TO DO: Look for "century" in every line of the listing. Copy the lines that have it.

*** RECORDS FOR THIS EXERCISE Section Begins ***

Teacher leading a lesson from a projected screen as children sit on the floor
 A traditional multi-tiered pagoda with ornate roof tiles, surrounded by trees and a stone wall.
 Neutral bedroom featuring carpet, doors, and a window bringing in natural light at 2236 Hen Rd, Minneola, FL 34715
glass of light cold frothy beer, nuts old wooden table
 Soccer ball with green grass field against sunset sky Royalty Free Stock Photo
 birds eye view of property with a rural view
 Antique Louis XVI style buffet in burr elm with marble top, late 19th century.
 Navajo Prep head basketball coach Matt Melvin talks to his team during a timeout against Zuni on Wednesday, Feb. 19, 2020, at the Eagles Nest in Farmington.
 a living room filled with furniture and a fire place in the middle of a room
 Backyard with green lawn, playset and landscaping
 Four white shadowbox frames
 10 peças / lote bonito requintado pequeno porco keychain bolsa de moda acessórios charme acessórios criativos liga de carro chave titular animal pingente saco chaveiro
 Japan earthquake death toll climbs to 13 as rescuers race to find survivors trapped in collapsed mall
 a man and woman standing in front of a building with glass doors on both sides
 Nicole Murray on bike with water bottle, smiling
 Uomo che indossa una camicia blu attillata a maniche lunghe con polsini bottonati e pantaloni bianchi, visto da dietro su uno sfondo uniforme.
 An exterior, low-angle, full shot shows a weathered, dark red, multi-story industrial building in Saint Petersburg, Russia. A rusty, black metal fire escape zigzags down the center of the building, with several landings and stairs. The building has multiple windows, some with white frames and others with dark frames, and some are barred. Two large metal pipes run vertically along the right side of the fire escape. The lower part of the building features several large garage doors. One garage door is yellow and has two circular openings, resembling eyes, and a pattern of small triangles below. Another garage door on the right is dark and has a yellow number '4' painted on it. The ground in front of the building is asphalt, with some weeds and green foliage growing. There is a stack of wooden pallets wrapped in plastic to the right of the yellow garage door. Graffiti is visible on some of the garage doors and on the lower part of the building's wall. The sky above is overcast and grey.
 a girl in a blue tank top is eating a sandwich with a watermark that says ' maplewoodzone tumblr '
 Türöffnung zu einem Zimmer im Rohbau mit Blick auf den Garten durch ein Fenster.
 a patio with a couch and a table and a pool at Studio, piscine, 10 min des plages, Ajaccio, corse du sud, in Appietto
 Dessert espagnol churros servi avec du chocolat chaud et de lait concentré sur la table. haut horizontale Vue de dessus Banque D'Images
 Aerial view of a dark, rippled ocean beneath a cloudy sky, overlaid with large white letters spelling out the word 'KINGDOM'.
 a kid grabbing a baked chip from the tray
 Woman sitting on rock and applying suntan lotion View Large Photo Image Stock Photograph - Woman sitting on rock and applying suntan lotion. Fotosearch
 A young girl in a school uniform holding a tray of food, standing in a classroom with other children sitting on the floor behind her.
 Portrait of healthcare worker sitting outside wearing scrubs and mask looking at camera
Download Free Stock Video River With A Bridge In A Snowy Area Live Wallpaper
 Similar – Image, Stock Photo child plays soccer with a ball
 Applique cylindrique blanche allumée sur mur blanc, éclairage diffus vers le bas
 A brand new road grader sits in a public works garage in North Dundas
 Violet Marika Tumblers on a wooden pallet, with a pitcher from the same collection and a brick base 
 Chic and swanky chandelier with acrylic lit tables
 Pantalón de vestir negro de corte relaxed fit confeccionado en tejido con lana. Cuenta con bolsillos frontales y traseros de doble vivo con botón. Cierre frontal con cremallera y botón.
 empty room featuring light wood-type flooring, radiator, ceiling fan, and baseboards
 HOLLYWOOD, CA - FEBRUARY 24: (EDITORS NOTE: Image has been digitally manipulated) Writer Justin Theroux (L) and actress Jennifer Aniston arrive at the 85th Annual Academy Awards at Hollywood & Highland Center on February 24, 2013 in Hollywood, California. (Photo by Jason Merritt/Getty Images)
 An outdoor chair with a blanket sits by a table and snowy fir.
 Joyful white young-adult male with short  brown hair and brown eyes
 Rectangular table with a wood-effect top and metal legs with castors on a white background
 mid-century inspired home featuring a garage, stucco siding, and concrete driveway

*** RECORDS FOR THIS EXERCISE Section Ends ***

RESULT FOR THIS EXERCISE:
 Antique Louis XVI style buffet in burr elm with marble top, late 19th century.
 mid-century inspired home featuring a garage, stucco siding, and concrete driveway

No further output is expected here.